You are correct. However, the end game is not to restrict supply. No developer has ever found a way to do that, because (a) it is a game of whack-a-mole and (b) the money is enough of an incentive for the pros to keep moving to new holes.
The end game is to collapse demand. The way to do that is to cancel some rentals---at the last minute and very publicly. It has worked for other developers. It will work for Disney if they choose to do it. And based on the langauge they are using, it sure seems like they are lining up the ducks to do so.
It's worse than that (or better, depending on your point of view): If a handful of very vocal guests complain about last-minute
DVC rental cancellations, that will
taint the entire market. All a prospective renter knows is that the could show up after a long day of travel to find that they don't have a room. That translates very quickly into constant reminders in the Disney online ecosystem that "
DVC rentals are risky."
It does not take very much of that before the demand for
DVC rentals drops precipitously. If you think this won't happen, go take a look at the
we loooooove Club Wyndham Bonnet Creek thread on the Orlando Resorts board. It's long, and you might have to hunt around for the right point in the thread where it turned, but it is definitely in there. At the beginning of that thread, in the mid 2010s, it was the absolute darling of the offsite folks. Now? "It's too dangerous, don't risk it." In the meantime, a few of the very high-profile Bonnet Creek renters finally went out of business.
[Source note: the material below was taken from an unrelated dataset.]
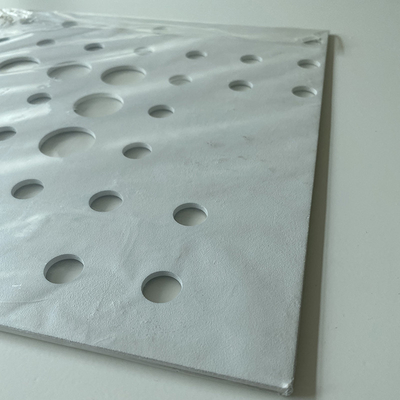 Waterproof Aluminum Metal Ceiling 300x300x3.0mm Perforated Expanded Sheet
Wyndham tried many (many!) things to restrict supply, and had been doing so since I became an owner more than 20 years ago. Limiting (and eventually eliminating) point transfers, instituting very strict guest certificate rules and fees, eliminating developer perks on resale bookings.
None of them worked. Cancelling some reservations at the last minute worked. That combined with the targeted freezing of some very high profile renter accounts pushed a lot of landlords out of the public rental market. It is hard to fight a big corporation when you have a montly maintenance fee nut to make and suddenly cannot make any new reservations or put any guests names on existing ones.